In May, something rare happened at this table.
People listened to each other.
“Chief Andrea Paul came and sat at this table and asked us, ‘How will a mill closure affect you?’ And (she) gave us all a chance to talk,” said Julia McMillan.
“It impressed us so much that she came.”
After Paul had heard from Julia and her husband David, both forest technicians who rely on Northern Pulp, they, in turn, listened to what living beside the mill’s effluent for 52 years had meant for the Pictou Landing First Nation.
They spent an entire day talking about their lives, communities, and forestry practices between that kitchen table and a tour of some of the 400 hectares of woodland the McMillan family manages.
At day’s end, they didn’t agree on whether Northern Pulp should be granted an extension under the Boat Harbour Act to allow time for the mill to build a new effluent treatment facility.
And they didn’t agree on whether that proposed facility should be allowed to pump its treated effluent into the Northumberland Strait.
But they did share a bond of mutual respect.
“I think these conversations should have happened years ago,” Paul said this week.
“And not because of the situation that’s on the table now. The reality that we’re in today is unfair to everyone.”
It is a hard reality with looming deadlines.

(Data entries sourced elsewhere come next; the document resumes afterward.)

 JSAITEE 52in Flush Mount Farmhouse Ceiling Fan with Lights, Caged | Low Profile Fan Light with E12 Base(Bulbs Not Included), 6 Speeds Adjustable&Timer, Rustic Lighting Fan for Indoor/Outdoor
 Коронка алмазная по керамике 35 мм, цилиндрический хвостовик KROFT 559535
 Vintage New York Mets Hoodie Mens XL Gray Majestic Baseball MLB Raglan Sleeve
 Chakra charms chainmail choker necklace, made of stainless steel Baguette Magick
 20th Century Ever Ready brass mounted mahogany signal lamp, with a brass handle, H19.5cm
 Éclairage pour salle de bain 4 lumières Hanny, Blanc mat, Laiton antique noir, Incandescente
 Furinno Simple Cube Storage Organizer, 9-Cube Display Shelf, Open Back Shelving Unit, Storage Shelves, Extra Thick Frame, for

Northern Pulp plans on submitting its focus report responses to the provincial Environment Department by month’s end. There will be a month for public comment on the studies comprising the focus report and then Environment Minister Gordon Wilson will have 25 days to decide whether to approve it.

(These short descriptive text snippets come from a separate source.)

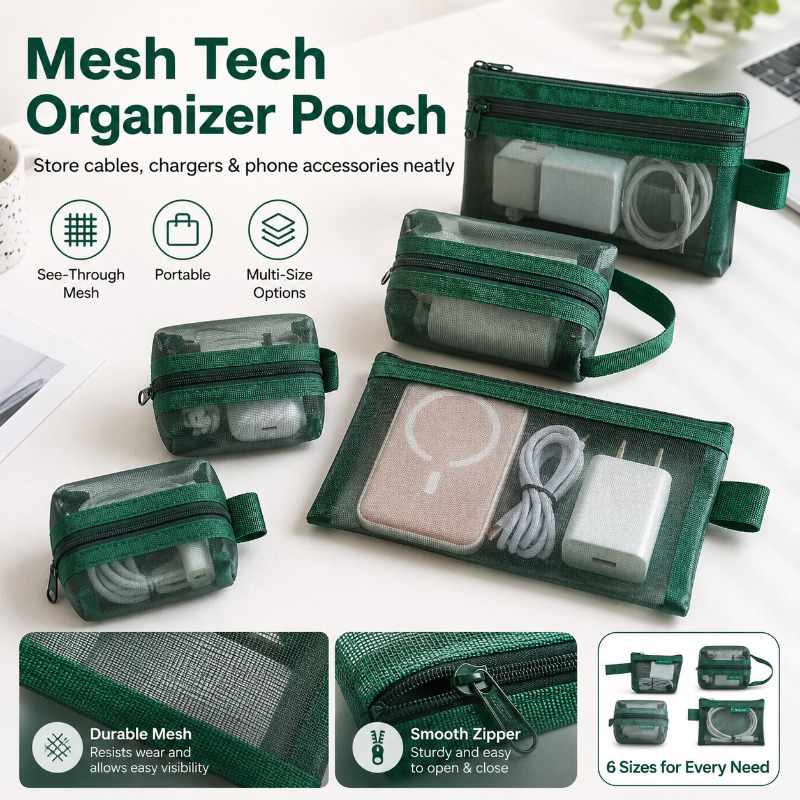 6PCS Mesh Tech Organizer Pouch - Tech Woven Accessories ulasan dan harga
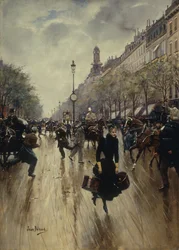 Vier Uhr nachmittags am Carrefour Drouot und dem Grand Boulevard, ca. 1895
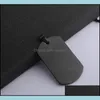 Charms Jewelry Findings Components Black Color Stainless Steel Dog Tags Men Boy Fashion Pendant Comp Dhcgf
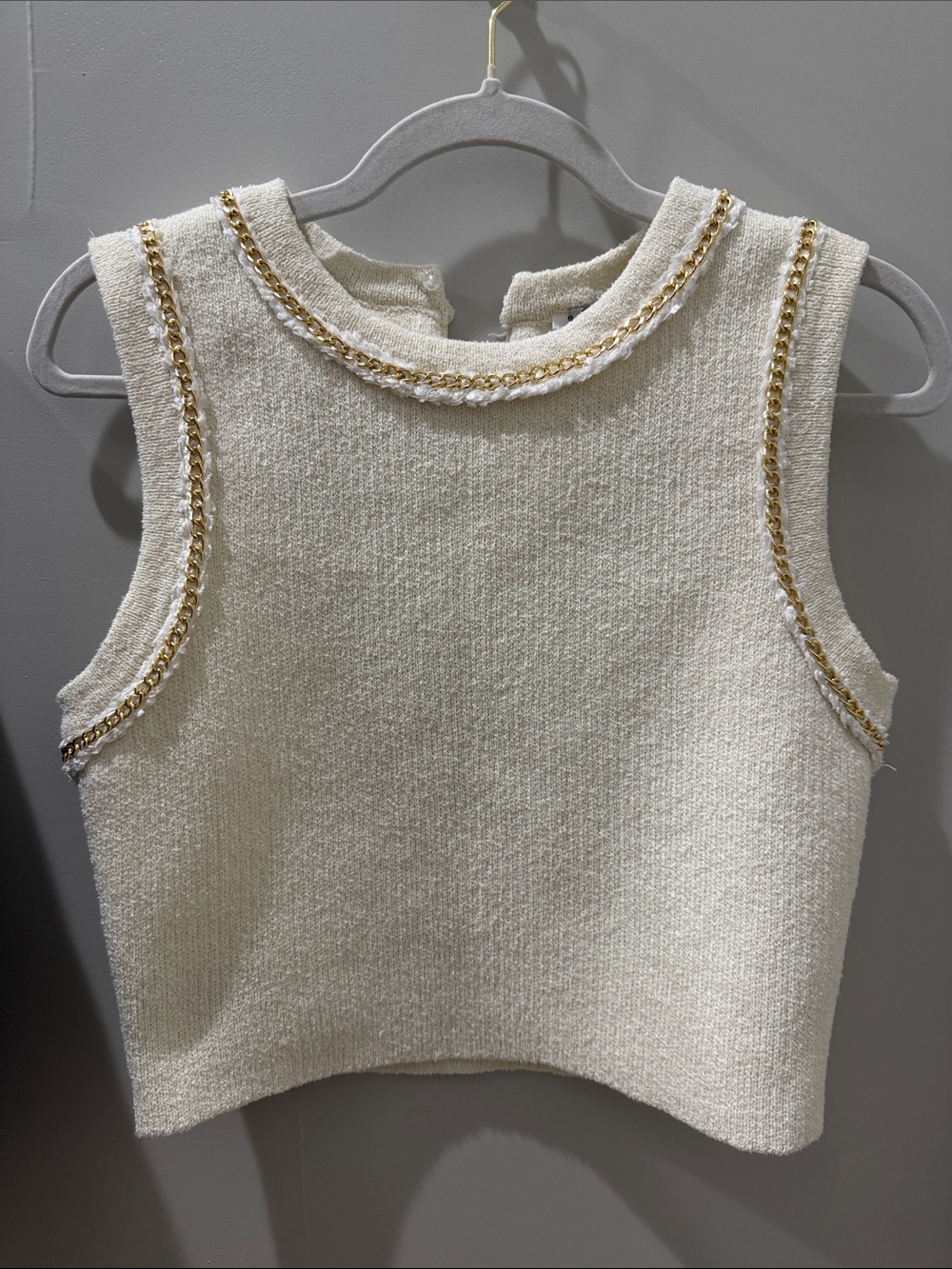 Endless Rose Cream Tweed Chain-Trim Sleeveless Top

If approved, the new facility could take 21 months to build.
The 2015 Boat Harbour Act demands the existing effluent treatment plant close by Jan. 31, 2020.
While a Department of Lands and Forestry spokeswoman refused to comment this week on a “hypothetical situation,” everyone else is talking.
And tensions are rising as a potential Northern Pulp shutdown draws near.
No Pipe signs dot lawns along the Northumberland Strait of a broad coalition for fishermen, First Nations and community groups who oppose Northern Pulp’s plan.
There are also Support Forestry Families signs in yards like the McMillans and Support Northern Pulp stickers on the tailgates of pickup trucks around Northern Nova Scotia.
Tales of threats and harassment have spread among those on both sides of the issue.
The sharp divisions are most evident on social media.
Facebook groups titled Clean up the Pictou County Pulp Mill and Support Northern Pulp Jobs and the Nova Scotia Economy host impassioned discussions of siloed opinions.
In this golden age of communication, we appear to understand each other less than ever.
“The great gift that social media promised was access to the conversation,” said Amy Thurlow, a communications professor at Mount Saint Vincent University in Halifax who studies social media effects on public discourse.
“In days gone by, the people who had access to important conversations were the people who could get there. Everyone else was left out. The idea was that now that we can get all the voices at the table, it will engage and democratize discourse.”
Nova Scotians are more connected than ever before, and as our province faces one of the most divisive decisions in recent memory, the most notable feature of the conversation is what’s lacking — respectful acknowledgement of the ground upon which both sides stand.
Thurlow isn’t surprised.
“What happened is that social media created these echo chambers, these bubbles around conversations,” she said.
“When people get there, they tend to only talk to people that think like they do and don’t cross boundaries.”
The algorithms that drive what shows up in our news feed actually promote this — they are designed to bring us posts that we want to see.
That keeps us looking at our screens.
Those algorithms also keep us from seeing opinions that we don’t like or thinking deeply about perspectives other than our own.
“Social media’s strength is its reach,” Thurlow said.
“What it doesn’t do well is depth. That’s what’s so critical in this situation. In a debate where people’s realities are so different and the stakes are so high, we can’t get a depth of conversation in the medium we use the most.”
When the McMillans invited Paul to their home and she agreed to come, both were using what Thurlow considers “the most effective form of engagement.”
They talked face to face.
Both represent groups that consider themselves to be unheard and misunderstood.